Um cidadão comum com mais de
50 anos atravessou diversas dessas reformas, daí que encontramos pessoas
deslocadas de sua vocação, porque,
em determinada época, não tiveram
condições de superar as cascas de banana (técnicas ou financeiras) que o
ensino oficial colocava no caminho
dos pretendentes aos estudos superiores.
O latim tirou o tesão de muitos candidatos à advocacia, a matemática
mudou a vida de pessoas que gostariam de ser médicos -e fico em dois
exemplos apenas, atrevendo-me a
mais um, de ordem pessoal.
Se fosse hoje prestar um exame de
admissão, com as novas regras gramaticais e ortográficas e os conceitos
de sintaxe, eu não teria passado -o
que não chega a ser uma revelação,
os possíveis leitores já descobriram isso há bastante tempo.

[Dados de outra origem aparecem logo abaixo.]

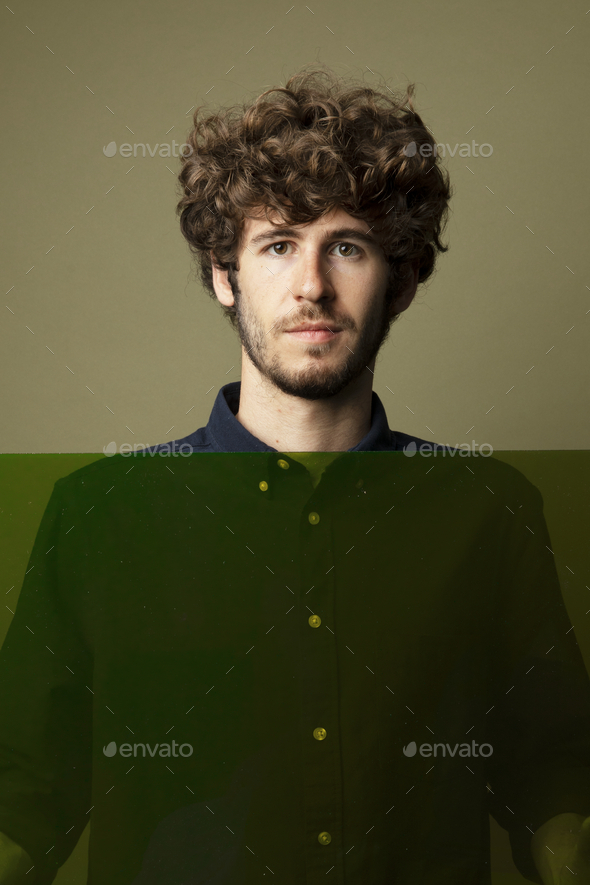 Curly haired man Pinterest banner - Stock Photo - Images
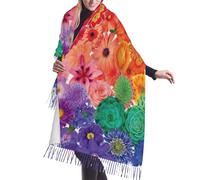 JEJEA Scialle con frange in finto cashmere con stampa di fiori arcobaleno - sciarpa invernale calda da donna, morbida e accogliente per il freddo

Mudam não apenas a filosofia da
educação mas o conteúdo, a matéria
de ensino em si. Nunca entendi a
classificação de ciência exata. Todas
elas, mesmo a física e a própria matemática, não chegaram nunca a ser
exatas. Volta e meia levam um esbarrão e tudo fica fora de foco. A equação de Einstein, que derrubou o universo de Newton, está sendo contestada por um jovem português já em nível acadêmico. No terreno das ciências ditas humanas (todas não deixam de ser humanas, uma vez que
fabricadas e utilizadas pelo homem),
elas estão sempre em processo.
Para acompanhar a dinâmica das
ciências exatas ou humanas, é necessário um ponto de observação fixo,
um critério objetivo de busca e pesquisa, que é a matéria em si do ensino. Mudar essa matéria, reformando-a de tempos em tempos, é tornar
relativa a educação, como o tamanho do salto de um sapato para a
mulher ou a largura de uma gravata
para o homem.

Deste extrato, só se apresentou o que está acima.